A Terra é redonda e tem dois polos. Esta realidade deve ser a mesma pelos próximos 5 bilhões de anos, quando a atmosfera do sol se expandir e aniquilar nosso planeta. Um meteoro errante talvez antecipe o destino fatídico do globo terrestre.
Já a política sofre transformações em período de tempo menor e tem mais do que dois lados. O dualismo, conceito majoritariamente adotado, findou-se com a desconstrução do Muro de Berlim (1989) há mais de três décadas. Entretanto, por conveniência dos agentes políticos aliada à comodidade da imprensa, prossegue sendo encarada no modo binário: esquerda x direita. A simplificação maniqueísta, amiúde, facilita o discurso e o posicionamento políticos.
A academia, que pode estudar o (1) ocaso desta dicotomia – soterrada pelo fim da Guerra Fria (1991) – e o (2) sistema multipolarizado e intricado que resultou do esfacelamento do antigo modelo, parece perseverar na visão binária. Cientistas políticos e sociólogos igualmente adotam a dualidade direita x esquerda como paradigma.

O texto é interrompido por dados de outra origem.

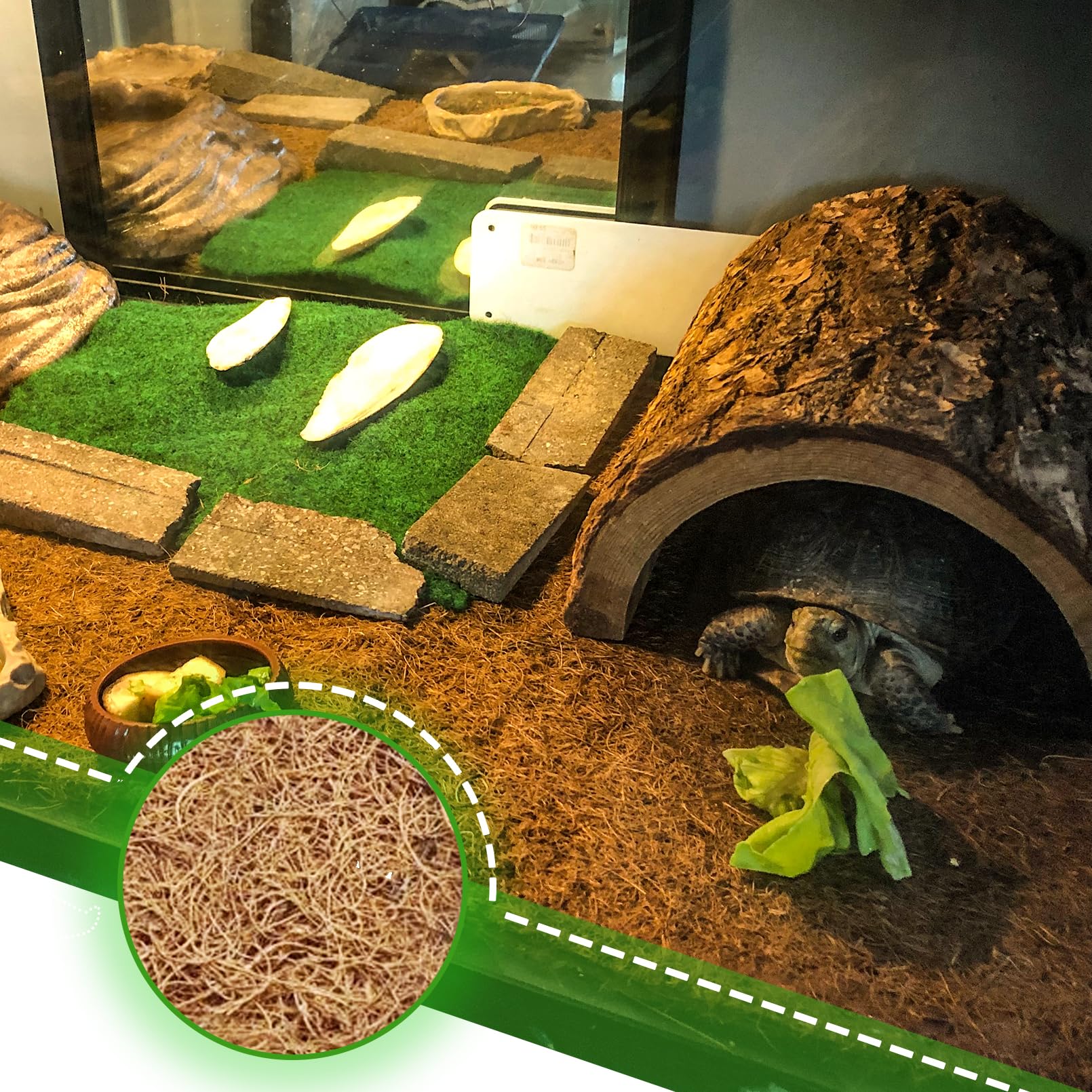 PINVNBY 4 Pieces Reptile Carpet,Bearded Dragon Natural Coconut Fiber Mat,Lizard Terrarium Liner Pads,Tortoises Bedding Supplies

Nascido na Revolução Francesa (1789), intumescido pela Revolução Russa (1917) e maximizado no pós-guerra (1947), este sistema político dividiu o mundo entre os pró-URSS e os pró-EUA. O que estava em jogo era qual potência sobrepujaria a rival e dominaria o planeta. O embate era real. Mas esta realidade estiolou-se. O mundo e, em consequência, a política, tornou-se multipolar.
É como se a Torre Eiffel implodisse e a principal referência aos passantes em Paris desaparecesse. Sem outra torre no horizonte, tampouco aparente disposição da academia e da mídia tradicional para desvendar o novo modelo, prosseguimos avistando a miragem do que um dia foi um referencial.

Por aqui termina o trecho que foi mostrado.